Josef Urschitz stellt in der „Presse“(9. 9.) die Frage, ob Genossenschaften noch eine zeitgemäße Unternehmensform seien. Eine Frage, die nur als Provokation verstanden werden kann und einer wissenschaftlich fundierten und von der Causa prima Commerzialbank Mattersburg unabhängigen Antwort bedarf. Mit einer für Österreich vergleichbaren Insolvenzquote von 0,1 Prozent in Deutschland ist die Genossenschaft die sicherste Rechtsform überhaupt.
Dafür sind mehrere Gründe verantwortlich: Genossenschaften basieren seit ihrer Entstehung auf zentralen Prinzipien. Sie streben nicht nach Gewinnmaximierung, sondern nach bestmöglicher Unterstützung ihrer Mitglieder, die gleichzeitig ihre Eigentümer sind. Das Prinzip der regionalen Verankerung wird oft einseitig als „Verhaberung“abgetan, führt aber aufgrund der dezentral angelegten Genossenschaftsstruktur zu genauer Kenntnis der Kundenbedürfnisse und damit zu Risikovermeidung. Weiters wird beim jederzeit möglichen Austritt aus der Genossenschaft nur der nicht veräußerbare Genossenschaftsanteil zum Nominalwert refundiert, was wiederum risikoreiches, gewinnorientiertes Verhalten zurückdrängt.
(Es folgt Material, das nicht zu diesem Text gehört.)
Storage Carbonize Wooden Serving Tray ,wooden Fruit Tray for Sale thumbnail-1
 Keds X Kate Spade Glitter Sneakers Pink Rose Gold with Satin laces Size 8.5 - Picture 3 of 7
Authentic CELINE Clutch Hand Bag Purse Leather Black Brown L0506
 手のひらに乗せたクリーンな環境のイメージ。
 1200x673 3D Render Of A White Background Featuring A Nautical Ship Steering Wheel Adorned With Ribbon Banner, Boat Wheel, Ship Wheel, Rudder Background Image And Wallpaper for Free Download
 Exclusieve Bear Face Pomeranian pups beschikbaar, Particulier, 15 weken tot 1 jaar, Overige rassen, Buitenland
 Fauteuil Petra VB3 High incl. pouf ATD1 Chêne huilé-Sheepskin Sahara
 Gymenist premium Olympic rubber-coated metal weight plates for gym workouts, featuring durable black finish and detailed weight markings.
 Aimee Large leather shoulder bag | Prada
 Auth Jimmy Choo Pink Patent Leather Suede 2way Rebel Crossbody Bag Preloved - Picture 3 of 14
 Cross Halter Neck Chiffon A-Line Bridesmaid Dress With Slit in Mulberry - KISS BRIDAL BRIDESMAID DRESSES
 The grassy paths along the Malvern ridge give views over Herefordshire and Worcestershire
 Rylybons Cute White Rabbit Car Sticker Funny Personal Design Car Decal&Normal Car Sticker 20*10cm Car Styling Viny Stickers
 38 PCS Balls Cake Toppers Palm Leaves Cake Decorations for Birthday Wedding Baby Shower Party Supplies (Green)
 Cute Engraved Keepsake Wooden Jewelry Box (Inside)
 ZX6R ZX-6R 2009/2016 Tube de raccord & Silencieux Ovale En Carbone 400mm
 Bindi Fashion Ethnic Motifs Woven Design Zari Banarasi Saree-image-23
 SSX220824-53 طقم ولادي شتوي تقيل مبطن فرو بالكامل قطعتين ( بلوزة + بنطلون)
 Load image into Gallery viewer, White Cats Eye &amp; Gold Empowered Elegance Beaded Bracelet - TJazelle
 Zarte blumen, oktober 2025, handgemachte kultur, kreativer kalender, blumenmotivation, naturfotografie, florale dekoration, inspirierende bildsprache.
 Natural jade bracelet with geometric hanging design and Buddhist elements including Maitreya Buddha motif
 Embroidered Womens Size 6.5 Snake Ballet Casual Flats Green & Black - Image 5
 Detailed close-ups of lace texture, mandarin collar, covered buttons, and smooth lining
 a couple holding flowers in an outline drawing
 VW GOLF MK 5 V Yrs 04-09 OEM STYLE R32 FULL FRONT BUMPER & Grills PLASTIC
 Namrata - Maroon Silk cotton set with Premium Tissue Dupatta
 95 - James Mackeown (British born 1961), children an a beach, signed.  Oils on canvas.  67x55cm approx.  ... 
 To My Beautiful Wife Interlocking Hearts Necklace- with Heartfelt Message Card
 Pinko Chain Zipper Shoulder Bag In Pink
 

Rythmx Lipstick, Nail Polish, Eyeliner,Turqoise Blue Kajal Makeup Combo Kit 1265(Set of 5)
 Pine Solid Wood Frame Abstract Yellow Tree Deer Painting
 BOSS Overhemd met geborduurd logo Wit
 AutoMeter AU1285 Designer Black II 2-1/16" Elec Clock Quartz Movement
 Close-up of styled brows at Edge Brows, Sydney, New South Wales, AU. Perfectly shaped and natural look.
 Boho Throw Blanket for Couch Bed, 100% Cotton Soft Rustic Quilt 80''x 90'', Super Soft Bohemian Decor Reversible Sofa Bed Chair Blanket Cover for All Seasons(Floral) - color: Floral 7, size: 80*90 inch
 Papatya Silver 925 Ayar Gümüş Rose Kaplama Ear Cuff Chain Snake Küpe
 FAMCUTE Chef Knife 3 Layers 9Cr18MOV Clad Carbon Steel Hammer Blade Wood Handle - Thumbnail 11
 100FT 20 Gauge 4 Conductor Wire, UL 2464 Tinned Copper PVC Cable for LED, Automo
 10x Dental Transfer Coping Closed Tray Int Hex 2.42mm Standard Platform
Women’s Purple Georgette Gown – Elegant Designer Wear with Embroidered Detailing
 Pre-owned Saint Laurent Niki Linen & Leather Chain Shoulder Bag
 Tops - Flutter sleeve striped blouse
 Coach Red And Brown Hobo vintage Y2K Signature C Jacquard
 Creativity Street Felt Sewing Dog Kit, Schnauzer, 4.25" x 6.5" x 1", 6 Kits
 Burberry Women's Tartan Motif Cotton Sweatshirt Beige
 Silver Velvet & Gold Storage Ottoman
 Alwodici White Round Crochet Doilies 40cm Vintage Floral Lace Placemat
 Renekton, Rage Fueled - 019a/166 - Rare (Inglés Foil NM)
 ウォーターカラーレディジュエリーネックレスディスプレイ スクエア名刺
Der in Hinblick auf Risikovermeidung wichtigste Eckpfeiler ist jedenfalls die Revision. Ihr Ziel ist die Überprüfung der Geschäftsgebarung und Einhaltung des Förderauftrags durch eine übergeordnete Stelle; sie geht somit tiefer als die Abschlussprüfung für Kapitalgesellschaften. Grundsätzlich müssen alle Genossenschaften Mitglied eines Revisionsverbandes sein. Die großen Verbände, z. B. der Verband der gemeinnützigen Wohnbaugesellschaften und die Raiffeisenverbände, teilen die bei ihnen beschäftigten Revisoren ihren Genossenschaften zur Revision zu. Sie unterbinden damit jegliche wirtschaftliche Abhängigkeit bezüglich Folgeaufträgen und Entlohnung; die Revisoren haben durch die Einbettung in ihren Verband Kenntnis über viele vergleichbare Genossenschaften und somit Vergleichsmaßstäbe. Andere Verbände oder Landesregierungen verfügen nicht über dieses Knowhow und müssen die Revision – wie bei der verbandfreien Commerzialbank – „auslagern“. Nach heutiger Rechtslage wäre nicht mehr ein Amt der Landesregierung mit Revisionsaufgaben betraut, stattdessen würden Gerichte verbandfreien Genossenschaften Revisoren zuteilen.
Die Passivität nicht anlasten
Nachdem die Commerzialbank aus dem Revisionsverband der burgenländischen Raiffeisenbanken ausgeschlossen wurde und kein anderer Verband die Revision übernahm, war nach damaliger Rechtslage das Amt der Burgenländischen Landesregierung aufgrund der gesetzlichen Revisionspflicht für die Bestellung eines Revisors verantwortlich, obwohl es über keine eigenen, in Sachen Bankprüfung erfahrenen Revisoren verfügt, keine Früherkennungssysteme betreibt und keinerlei Einbettung der eigentlich kleinen Mattersburger Lokalbank in einen Sektorverbund bietet. Es wurde folglich eine sonst nicht als Bankprüfer tätige Wirtschaftsprüfungsgesellschaft zum Revisor bestellt.
Die von Josef Urschitz angesprochene Passivität der Genossenschaftsmitglieder hinsichtlich einer stärkeren eigenständigen Kontrolle kann der Rechtsform der Genossenschaft nicht zur Last gelegt werden. Die Antwort auf seine Frage kann folglich nur „Ja“lauten! Genossenschaften sind zeitgemäßer denn je, da sie Nachhaltigkeit, Transparenz, strenge Kontrolle und somit Sicherheit verkörpern.
Univ.-Prof. Dr. Michaela SchaffhauserLinzatti ist Professorin am Fachbereich für Genossenschaftswesen der Universität Wien und Leiterin des Forschungsvereins für Genossenschaftswesen (FOG).